Video: US Navy F/A-18s release drone swarms in technology demonstration

Authorities


The U.S. Department of Defense revealed in a January 9 statement that three U.S. Navy F/A-18 Super Hornets launched one of the world’s largest micro-drone swarms during an October 2016 demonstration at China Lake, California.

The 103 Perdix drones launched from the Super Hornets demonstrated advanced swarm behaviors such as collective decision-making, adaptive formation flying, and self-healing.
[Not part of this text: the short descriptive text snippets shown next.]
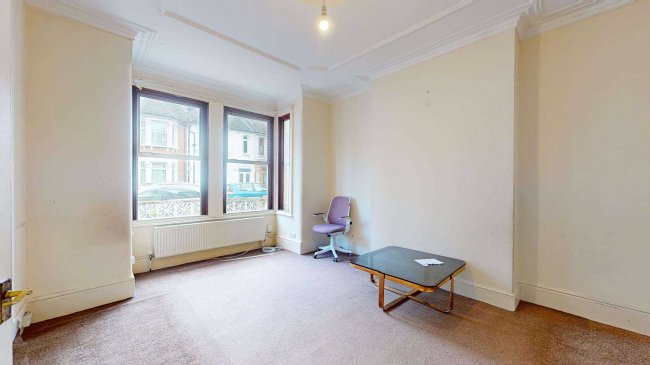 18 Bridge Road, East Ham, London, E6 2AG 7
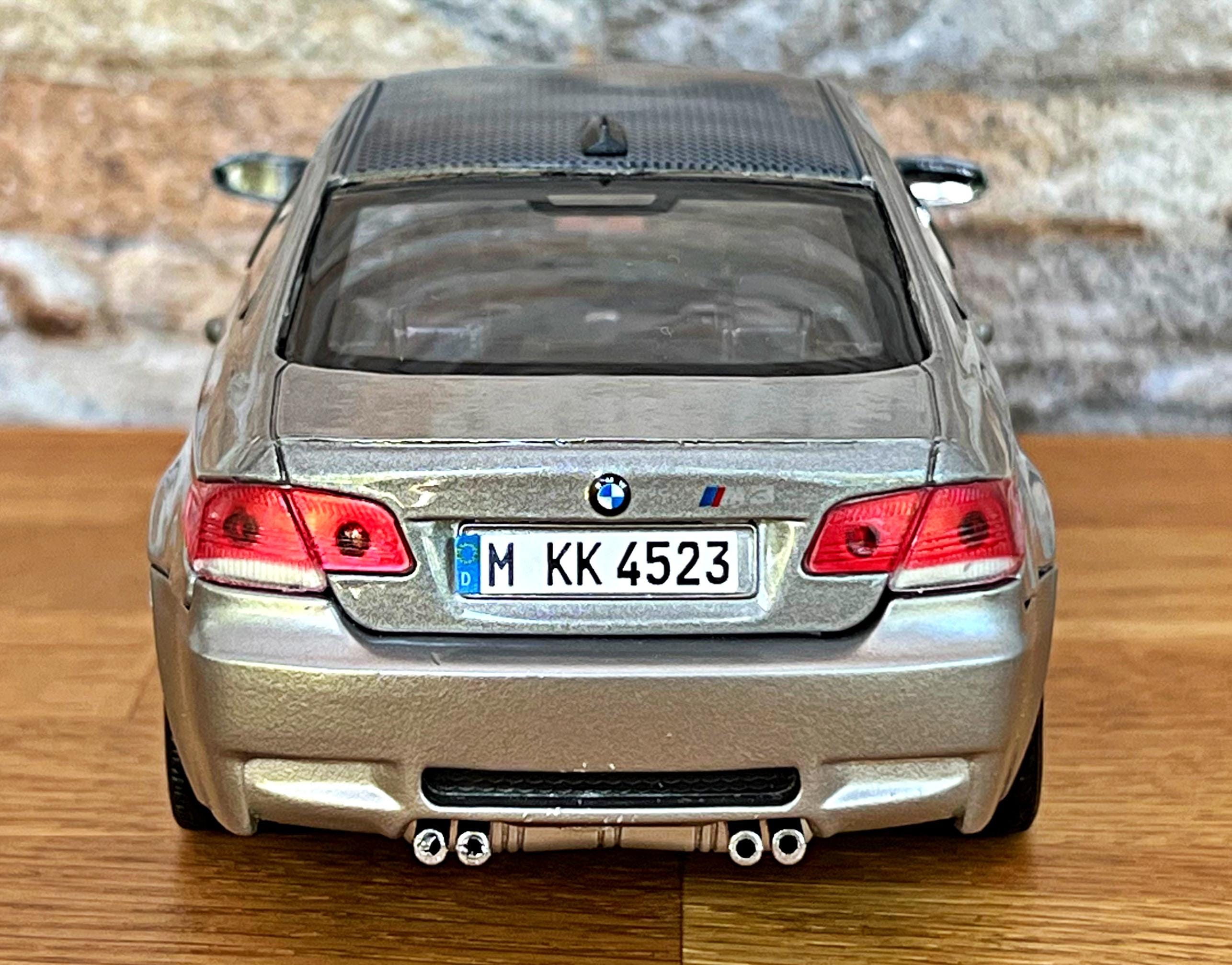 BMW M3 Coupe ミニカー 1/43 シルバー BMW M3 Coupe | Model Car | 1:24 Diecast Car | 1/24 Scale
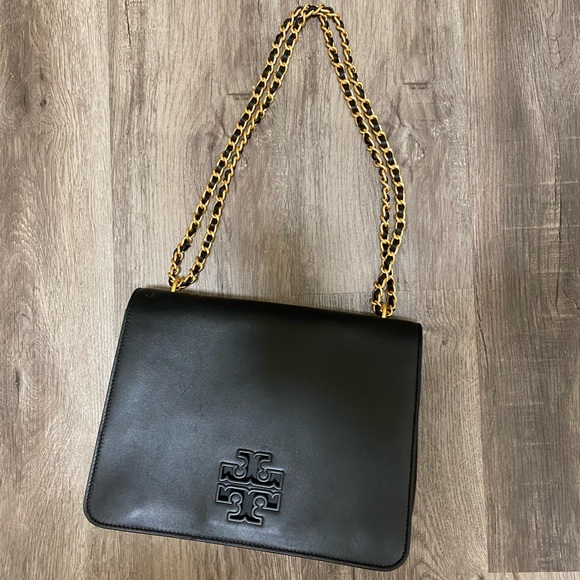 Britten adjustable shoulder bag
“Due to the complex nature of combat, Perdix are not pre-programmed synchronized individuals, they are a collective organism, sharing one distributed brain for decision-making and adapting to each other like swarms in nature,” said SCO director William Roper. “Because every Perdix communicates and collaborates with every other Perdix, the swarm has no leader and can gracefully adapt to drones entering or exiting the team.”

The Strategic Capabilities Office partnered with the Department of Defense and Naval Air Systems Command to work on this program.
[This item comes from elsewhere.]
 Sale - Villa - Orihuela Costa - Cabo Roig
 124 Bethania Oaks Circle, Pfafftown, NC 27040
Originally designed by Massachusetts Institute of Technology engineering students, the Perdix drone was modified for military use by the scientists and engineers of MIT Lincoln Laboratory starting in 2013.
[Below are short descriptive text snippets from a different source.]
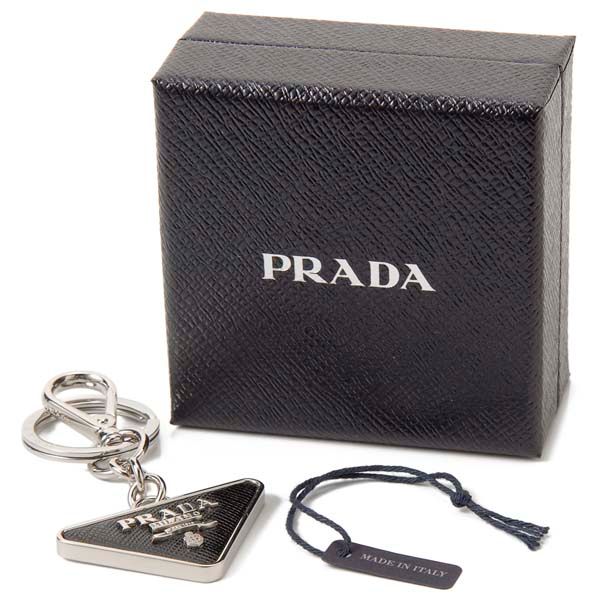 美品　PRADA キーホルダー　サフィアーノ　ブラック　キーリング　三角ダク プラダ PRADA キーリング キーホルダー ブラック 黒 2PP080 053 F0002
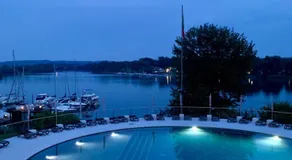 NEON Bigigio House Boat - Image 3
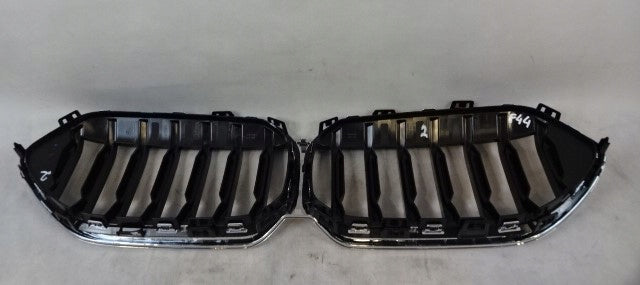 Kühlergrill BMW 2 F44 FRONTGRILL Kühlergitter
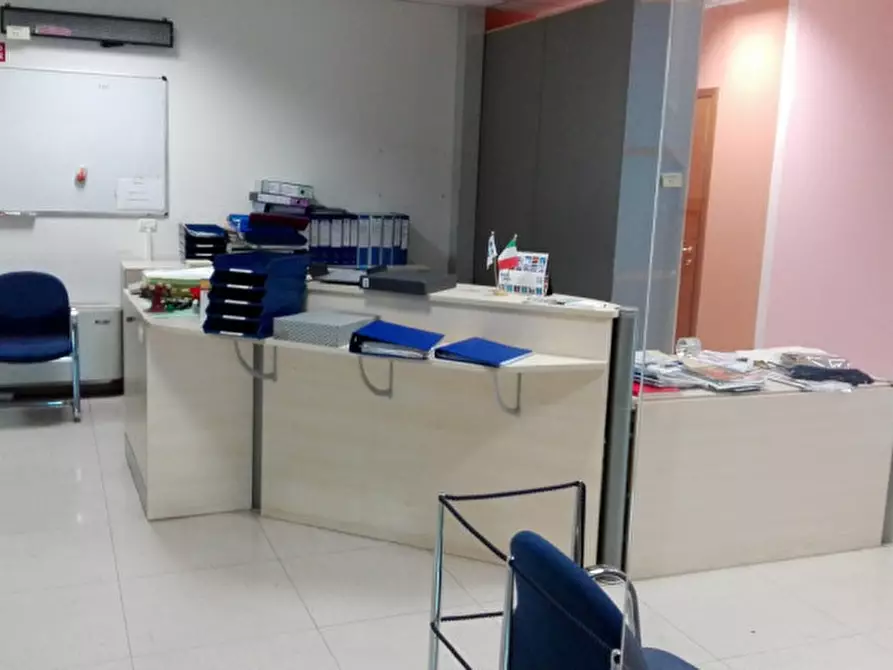 Immagine 1 di Ufficio in affitto  a Pernumia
Drawing inspiration from the commercial smartphone industry, Perdix software and hardware has been continually updated in successive design generations.

Now in its sixth generation, October’s test confirmed the reliability of the current all-commercial-component design under potential deployment conditions—speeds of Mach 0.6, temperatures of minus 10 degrees Celsius, and large shocks—encountered during ejection from fighter flare dispensers.

The demonstration is one of the first examples of the Pentagon using teams of small, inexpensive, autonomous systems to perform missions once achieved only by large, expensive ones. Roper stressed the department’s conception of the future battle network is one where humans will always be in the loop. Machines and the autonomous systems being developed by the DoD, such as the micro-drones, will empower humans to make better decisions faster.

As SCO works with the military Services to transition Perdix into existing programs of record, it is also partnering with the Defense Industrial Unit-Experimental, or DIUx, to find companies capable of accurately replicating Perdix using the MIT Lincoln Laboratory design. Its goal is to produce Perdix at scale in batches of up to 1,000.